Entre faibles rémunérations et lourdes responsabilités, le quotidien compliqué du maire de Beaurecueil  

Être maire de petites communes n’est pas de tout repos. Vincent Desvignes, maire de Beaurecueil (Bouches du Rhône) relate les difficultés d’exercer un mandat à mi-temps et soulève des interrogations face aux faibles revenus perçus.

Mairie et école de Beaurecueil. Crédit photo : Marine Issartel

Un quotidien peu reposant mais passionnant

« Est-ce que je peux assumer une baisse de revenus importante ? Pour l’instant vu mon train de vie, c’est difficile » raconte Vincent Desvignes, maire de Beaurecueil, quand il évoque la possibilité d’arrêter son emploi de professeur pour se consacrer entièrement à son rôle de maire et aux lourdes responsabilités que cela implique. 

A la veille de la Toussaint, le soleil brille dans le village de Beaurecueil. Le maire, cheveux bouclés grisonnants, jean et polo saumon, travaille à la mairie.
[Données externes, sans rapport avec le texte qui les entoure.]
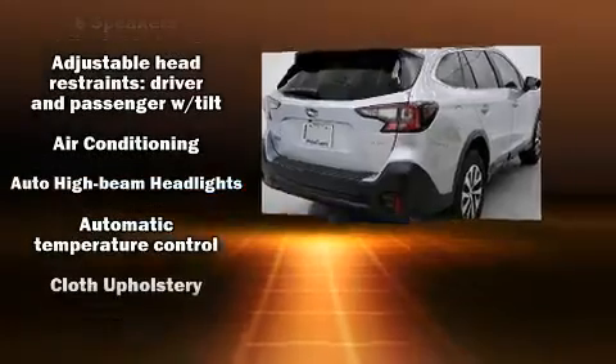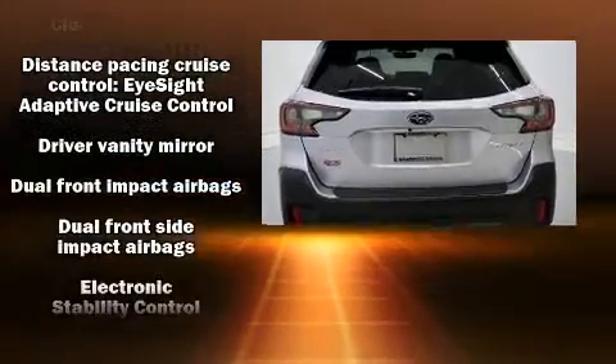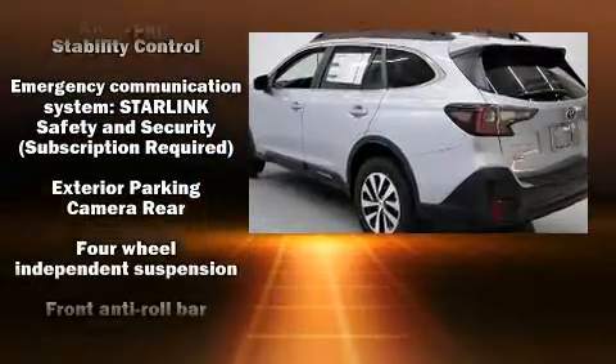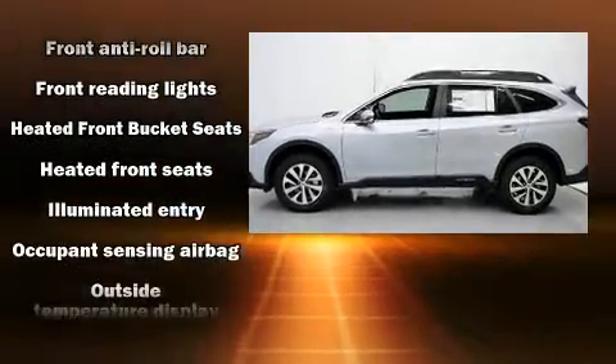A wealth of standard features mean that you no longer have to sacrifice, such as remote keyless entry, adjustable headrests in all seating positions, a built-in garage door transmitter, a power liftgate, and much more.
Il reçoit systématiquement ses « administrés » dans son bureau. Il connaît très bien son village, puisqu’il y a grandi et qu’il a été pendant quatre mandats, conseiller municipal, « mais je n’étais pas plus investi que ça » avoue-t-il. Il décrit la commune comme « un village dortoir huppé ». « Huppé », car la taxe foncière y est très élevée. « Un village dortoir » s’explique par la présence d’un Ehpad qui accueille une centaine de résidents dans l’ancien château, ce qui augmente la moyenne d’âge de la ville. 

S’ajoute à son rôle de maire, sa profession première, professeur d’arts plastiques au collège-lycée du Sacré-cœur à Aix-en-Provence. Sa semaine type « est organisée autour de mon travail de prof ». Il a dix-huit heures de cours à donner. Le lundi après-midi à partir de quatorze heures, il est à la mairie. Le mardi tout comme le jeudi, il a une journée complète en tant qu’enseignant. Le mercredi après-midi, « évidemment, je suis à la mairie ». Il y passe aussi toute la journée du vendredi. 

Cet emploi du temps chargé n’est pas un frein à la passion qu’il voue à la mairie. Il décrit son rapport aux habitants comme étant « un lien presque de familial. C’est un mandat passionnant, on a envie de faire de belles choses pour le village. » Ces belles choses sont rendues possibles grâce aux personnes qui l’entourent. 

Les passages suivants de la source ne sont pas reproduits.